On the consumer side, the report found that 70 percent of OECD households have broadband Internet access, bringing access to a larger variety of goods and services online at lower prices. Furthermore, wireless broadband connections are now double that of fixed broadband subscriptions in the OECD changing the way people interact and consume content. From the business perspective, the report confirmed that the restructuring of business models in association with Internet use has led to improved efficiency and rapid growth of new online businesses. At the end of 2011, nearly all companies in OECD countries were connected to the Internet. However, there is clearly room for improvement and growth in the E-Commerce sector as, on average, only 18 percent of businesses with at least 10 employees used the Internet for selling goods and services.

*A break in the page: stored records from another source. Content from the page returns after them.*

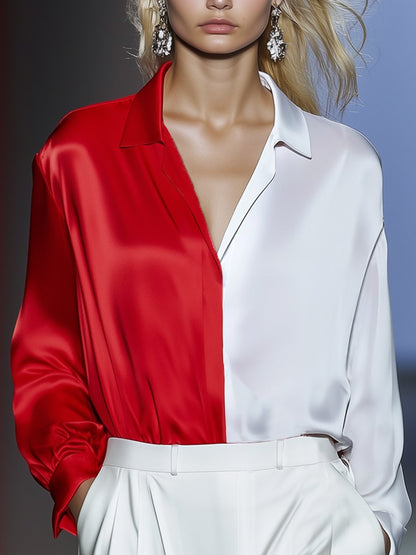 High-End Fashionable And Elegant Red And White Contrast Satin Shirt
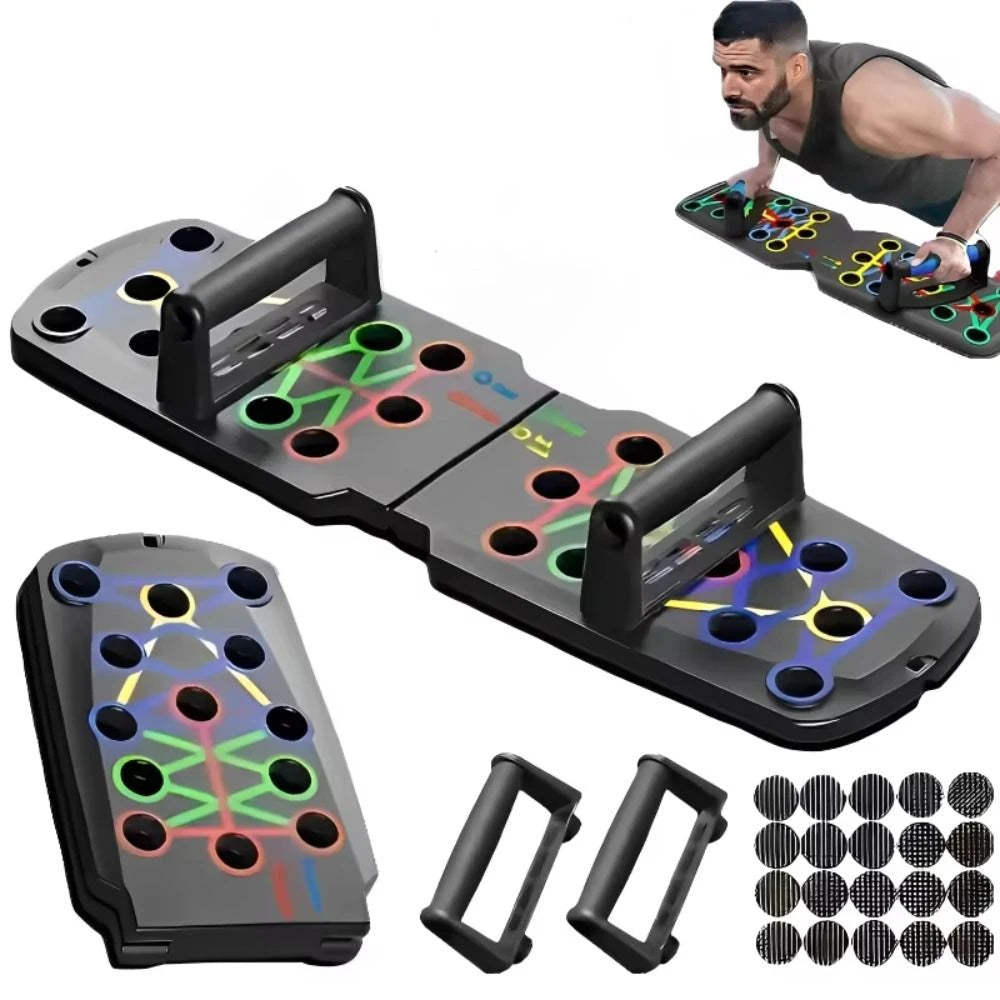 Push-up Board Foldable Multifunctional Home Exercise Equipment with Tension Rope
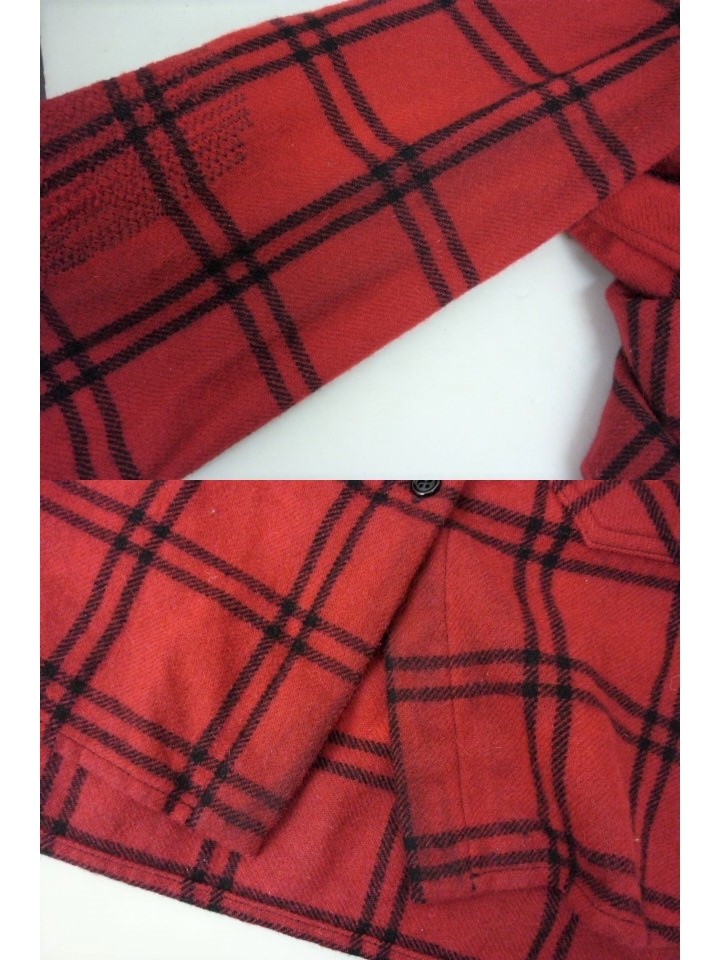 GUCCI Gucci long sleeve flannel shirt tunic One-piece 40 check red lady's wool . oversize (75)a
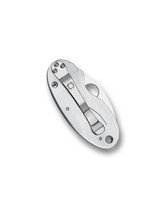 Spyderco Cricket folding knife with thumb hole - shown closed pocket clip side.  Satin VG-10 stainless steel serrated edge blade.  Stainless steel handle.  Model C29S.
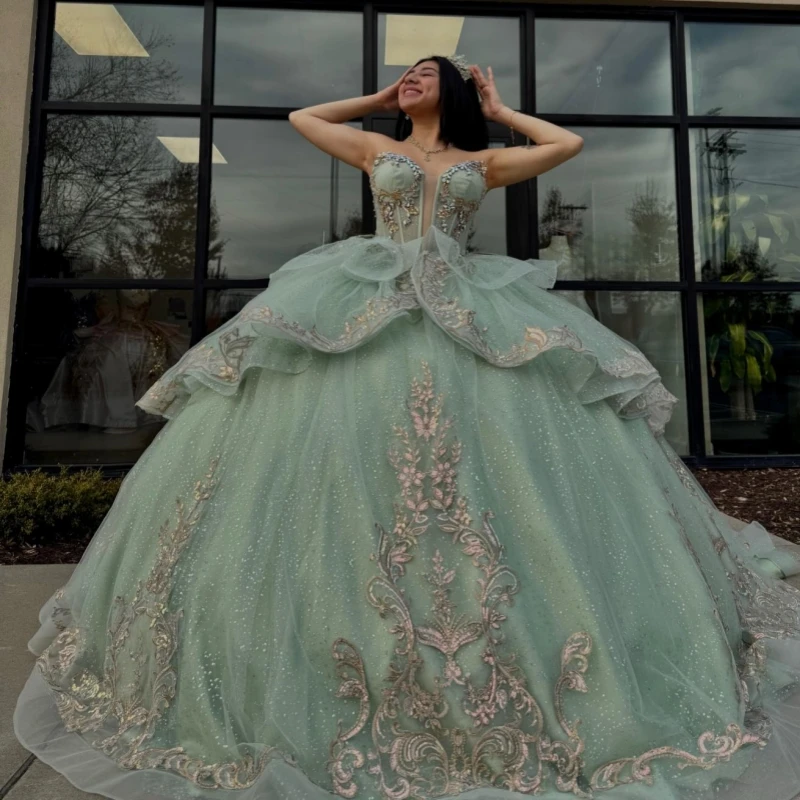 

Mint Green Shiny Quinceanera Dresses Ball Gown Off The Shoulder Gold Applique Lace Beading Crystal Bow Corset Tull Party Birthda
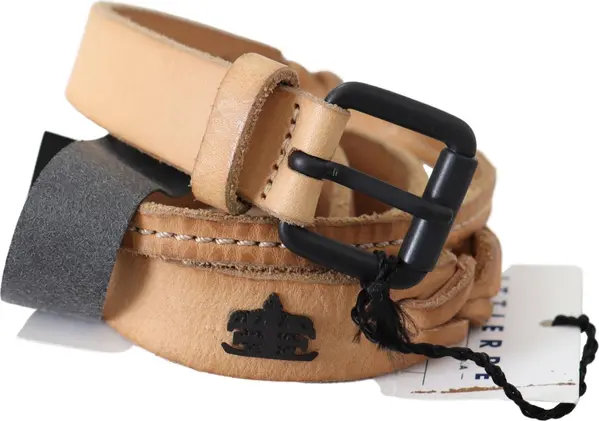 Light Brown Slim Leather Black Logo Buckle Belt Belt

Even though the report admits that it is inherently hard to quantify the economic impact of the Internet because of a lack of a widely accepted methodology or single measure to capture the whole Internet economy, it estimates that in the US at least 3 percent and up to 13 percent of business sector value added could be related to Internet-related activities. Corresponding to these trends, the ICT sector increasingly attracts venture capital with the ICT sector accounting for more than 50 percent of all venture capital in the US, the world’s largest market.
These encouraging findings also extend to the entertainment sector as the report highlights that digital content is one of the most important drivers of consumer Internet adoption, with revenues growing rapidly across all sectors. E.g., according to numbers provided by the International Federation of the Phonographic Industry (IFPI), digital music worldwide accounted for 29 percent of recording companies’ revenues. It is worthwhile to add that there is a huge, untapped potential for growth given that some sectors of the entertainment industry still have to adapt to the digital environment. Moreover, this finding essentially supports CCIA’s conclusions in its recent report “The Sky is Rising,” which has revealed that despite the often very loud statements to the contrary, the entertainment industry has grown over the last decade – in tunewith the growth of the Internet economy. This seems to be increasingly recognized by the entertainment industry as well, as recently seen by MPAA’s Chief Chris Dodd’s recent outreach to Silicon Valley.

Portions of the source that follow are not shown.